After intense fan backlash, German soccer officials are ready to pull the plug on finding a new marketing partner. It was previously revealed that the German Football League (DFL) would explore selling a piece of their TV and marketing rights. The DFL essentially controls the operating business for the Bundesliga and second-tiered 2. Bundesliga.

Officials with the DFL previously wanted to sell 8% of these media rights as a private equity investment. Club representatives from the top two German leagues voted on the potential move earlier this fall. The vote eventually passed by a single vote.

If the deal went through, the DFL would have gained $1 billion from the deal. Around $650 million of this fee would go to video content, streaming and overseas marketing. The remaining money would then have been distributed directly to the German clubs.

DFL spokesperson says widespread protests forced decision

Nevertheless, the DFL has now announced that they will not pursue the media deal.

“In view of current developments, a successful continuation of the process no longer seems possible,” stated Hans-Joachim Watzke, a spokesman for the organization.

“Even if there is a large majority in favor of the entrepreneurial necessity of the strategic partnership, German professional football is in the midst of a crucial test, which is causing major disputes not only within the league association between the clubs, but in some cases also within the clubs between professionals, coaches, club officials, supervisory bodies, members’ associations and fan communities, which are increasingly jeopardizing match operations, specific match schedules and thus the integrity of the competition.”

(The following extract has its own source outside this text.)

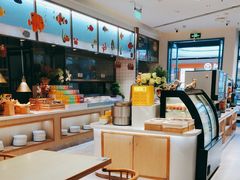 -纽斯特牛排自助餐厅(浦江万达店)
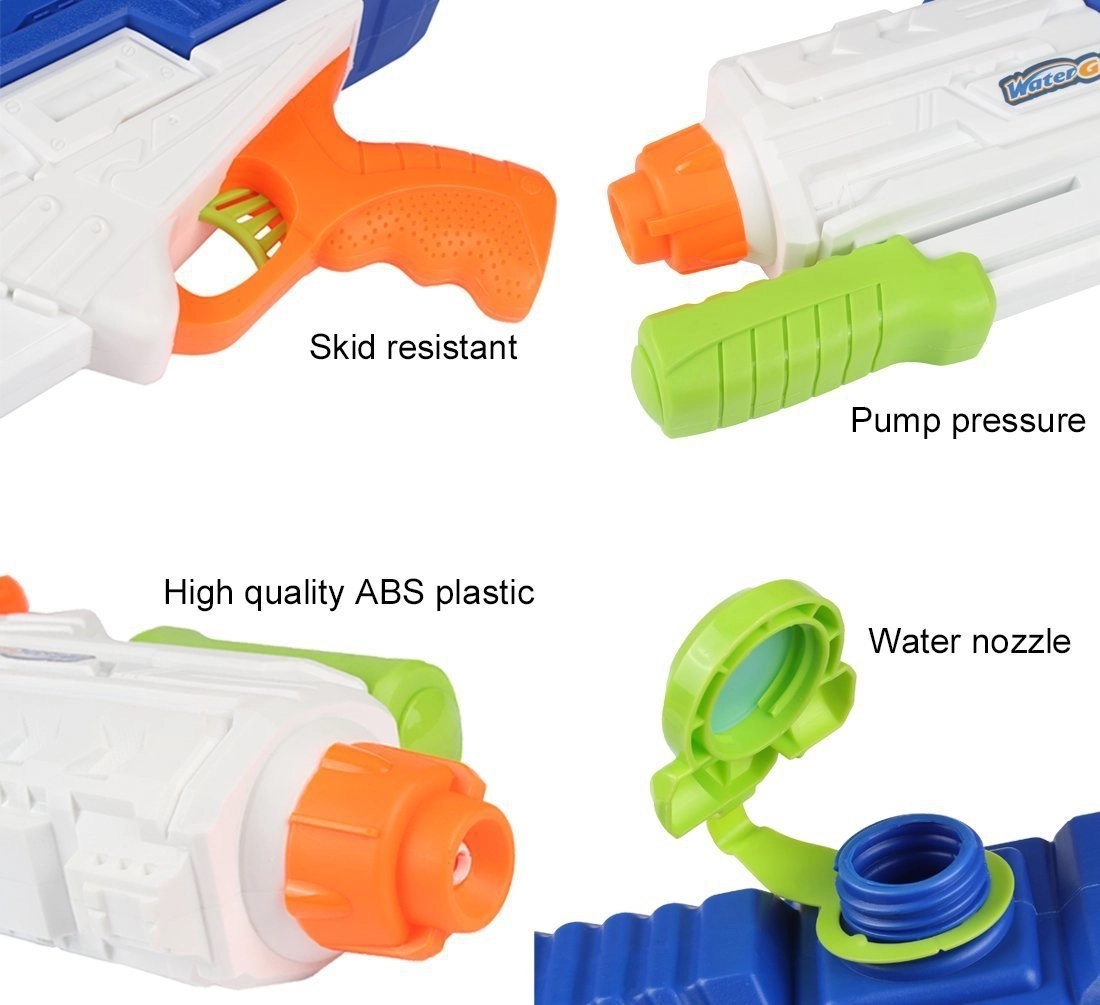 Water Gun Summer Toy 4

“In view of the circumstances in the league association with its 36 member clubs, the viability of a successful contract conclusion in terms of financing the 36 clubs can no longer be guaranteed.”

“The executive committee has therefore unanimously come to the conclusion that, on the basis of the resolution of December 11th, 2023, it will exercise its discretion not to continue the process and not to bring it to a conclusion. The DFL executive committee and the management will be inviting clubs to talks in the coming weeks to jointly discuss the implications of the process.”

Failed move shows that fan protests work to stop sale of Bundesliga media rights

Last week, United States investment company Blackstone pulled out of the negotiations with the DFL. The move left only one other investment group remaining in talks for the Bundesliga media rights. Blackstone’s decision to end their talks surrounded the massive fan protests regarding the aforementioned proposal.

Several Bundesliga matches suffered issues in recent weeks due to protests from inside stadiums. The recent marquee matchup between league leaders Bayer Leverkusen and Bayern Munich had an eight-minute delay. Fans inside Leverkusen’s home arena pelted the pitch with candy in response to the potential investment deal.

Many of these protests involved throwing things onto the field. A match involving Hannover 96 was different. The 2. Bundesliga club’s fixture against Hamburg faced a delay after fans put a bike lock on the goal. Officials failed to figure out the lock’s combination. Consequently, stadium officials used an angle grinder to remove it.

The widespread fan protests in Germany somewhat echoed similar moves regarding the European Super League (ESL). Fans from across Europe vehemently opposed the formation of the proposed breakaway league. As a result, clubs quickly backed out of the deal to depart from their current setup. In both cases, fans helped make a positive influence on their beloved teams.